Shortly afterward, Dr. Blackburn tried to dampen down criticism against her stand. She sent an email to all staff to “address directly and correct any unintended impressions from prior statements related to litigation. Salk great values the contributions of Professors Emerson, Jones, and Lundblad to the scientific community and to the Institute.”
Lawsuit Fallout Continues
This dispute, of course, spilled out into the research community at large. Science Magazine leaked some internal Salk studies and reports that appear to show long-standing gender-based discrimination there.
Dr. Carol Greider of Johns Hopkins University, also a Nobel laureate, specifically praised one of the plaintiff-professors, whom she had known for many years. She also skewered the Salk Institute’s knee-jerk response to deny all claims and pile on the plaintiffs as disgruntled underperformers. “The high road,” she said, “is to acknowledge that the problem exists everywhere, which all of us know, and that they want to work towards resolving it.”
Professor Jo Handelsman, a microbiologist at the University of Wisconsin-Madison, spoke out also, having done “extensive research” on under-representation of women in the sciences. “The issue … is more complicated than overt gender bias….Gender discrimination is often “unintentional”; an “unconscious bias. It’s not a cognitive process.”
Ted Waitt, chairman of the board of trustees, “unexpectedly announced” his retirement. Similarly, President Elizabeth Blackburn also disclosed that she will retire as president late this summer; the “lawsuits apparently factored in her decision.”
Dr.
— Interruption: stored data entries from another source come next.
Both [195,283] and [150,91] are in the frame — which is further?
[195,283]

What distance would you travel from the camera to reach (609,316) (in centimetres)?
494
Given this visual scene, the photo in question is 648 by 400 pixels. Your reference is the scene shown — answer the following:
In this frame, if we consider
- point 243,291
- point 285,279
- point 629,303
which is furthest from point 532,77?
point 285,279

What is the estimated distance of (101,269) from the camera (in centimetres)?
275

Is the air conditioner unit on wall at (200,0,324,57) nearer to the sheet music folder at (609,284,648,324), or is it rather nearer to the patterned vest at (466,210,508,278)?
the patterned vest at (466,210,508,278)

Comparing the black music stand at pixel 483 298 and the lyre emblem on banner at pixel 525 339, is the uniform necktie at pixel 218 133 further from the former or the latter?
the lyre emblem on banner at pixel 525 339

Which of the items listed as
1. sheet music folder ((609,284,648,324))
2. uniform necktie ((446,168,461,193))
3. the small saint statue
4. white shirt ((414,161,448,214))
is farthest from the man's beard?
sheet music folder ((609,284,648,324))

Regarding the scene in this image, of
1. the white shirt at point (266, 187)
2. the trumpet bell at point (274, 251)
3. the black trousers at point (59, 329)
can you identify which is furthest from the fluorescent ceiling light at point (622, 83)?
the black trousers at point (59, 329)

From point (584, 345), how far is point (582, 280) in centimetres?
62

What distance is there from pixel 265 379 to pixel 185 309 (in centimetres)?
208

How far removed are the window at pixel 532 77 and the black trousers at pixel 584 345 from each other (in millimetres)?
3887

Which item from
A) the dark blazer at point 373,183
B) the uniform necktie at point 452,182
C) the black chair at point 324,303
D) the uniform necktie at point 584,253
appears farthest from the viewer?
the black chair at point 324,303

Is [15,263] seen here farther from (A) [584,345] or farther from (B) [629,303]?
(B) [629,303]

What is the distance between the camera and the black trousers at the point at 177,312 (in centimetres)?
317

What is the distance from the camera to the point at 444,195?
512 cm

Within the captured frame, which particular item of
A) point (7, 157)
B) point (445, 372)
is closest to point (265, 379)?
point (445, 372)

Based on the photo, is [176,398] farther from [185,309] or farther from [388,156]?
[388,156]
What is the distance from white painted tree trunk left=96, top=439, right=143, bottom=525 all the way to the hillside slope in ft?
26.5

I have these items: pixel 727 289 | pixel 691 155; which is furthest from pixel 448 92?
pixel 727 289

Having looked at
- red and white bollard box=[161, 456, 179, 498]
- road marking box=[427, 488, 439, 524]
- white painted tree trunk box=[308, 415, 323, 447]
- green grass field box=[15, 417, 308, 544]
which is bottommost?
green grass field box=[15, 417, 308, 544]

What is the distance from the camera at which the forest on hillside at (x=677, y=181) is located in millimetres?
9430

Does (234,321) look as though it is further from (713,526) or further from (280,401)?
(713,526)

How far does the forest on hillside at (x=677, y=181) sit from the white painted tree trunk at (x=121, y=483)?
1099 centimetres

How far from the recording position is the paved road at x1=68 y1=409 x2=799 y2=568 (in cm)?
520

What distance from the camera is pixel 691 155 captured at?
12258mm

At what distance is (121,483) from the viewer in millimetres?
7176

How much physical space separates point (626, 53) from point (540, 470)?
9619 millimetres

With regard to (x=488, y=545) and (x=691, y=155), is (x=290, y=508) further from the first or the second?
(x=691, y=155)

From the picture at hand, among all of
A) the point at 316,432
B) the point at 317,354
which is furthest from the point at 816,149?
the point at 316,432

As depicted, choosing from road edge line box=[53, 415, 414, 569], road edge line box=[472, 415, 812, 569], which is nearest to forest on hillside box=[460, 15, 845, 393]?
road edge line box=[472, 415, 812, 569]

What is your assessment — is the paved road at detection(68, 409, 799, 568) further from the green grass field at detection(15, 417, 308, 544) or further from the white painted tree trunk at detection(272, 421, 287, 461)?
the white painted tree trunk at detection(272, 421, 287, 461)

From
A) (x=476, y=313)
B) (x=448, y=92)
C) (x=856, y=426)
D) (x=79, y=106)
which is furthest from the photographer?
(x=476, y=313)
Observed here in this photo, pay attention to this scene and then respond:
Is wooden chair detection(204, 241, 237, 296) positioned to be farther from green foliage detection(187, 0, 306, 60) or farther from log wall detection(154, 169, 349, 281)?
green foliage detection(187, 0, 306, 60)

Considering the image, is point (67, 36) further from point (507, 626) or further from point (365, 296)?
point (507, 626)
Inder Verma, a distinguished cancer expert who had been specifically called out in the allegations of these lawsuits, announced recently that he had been “ousted as editor of one of the world’s top science journals” because of his implication in these problems.
There is concern whether the allegations will dampen the ability of the Salk Institute to recruit top scientists in the future.
Of course, the discrimination allegations in this lawsuit involving top scientists at a renowned research center are deeper and more nuanced than, perhaps, a more straightforward claim about the gender gap in pay that could – and does – happen all too frequently in the nonprofit sector generally. But these claims demonstrate that nonprofits and their boards must be alert to these problems that can arise even behind a facade where women appear to be thriving.
According to the National Council of Nonprofits, the “gender pay gap is a sleeper threat to nonprofit effectiveness and sustainability.”
The Nonprofit Quarterly echoes these warnings and concerns: “This is not fair. Nor sustainable. Nor legal. What is your nonprofit doing about the gender pay gap?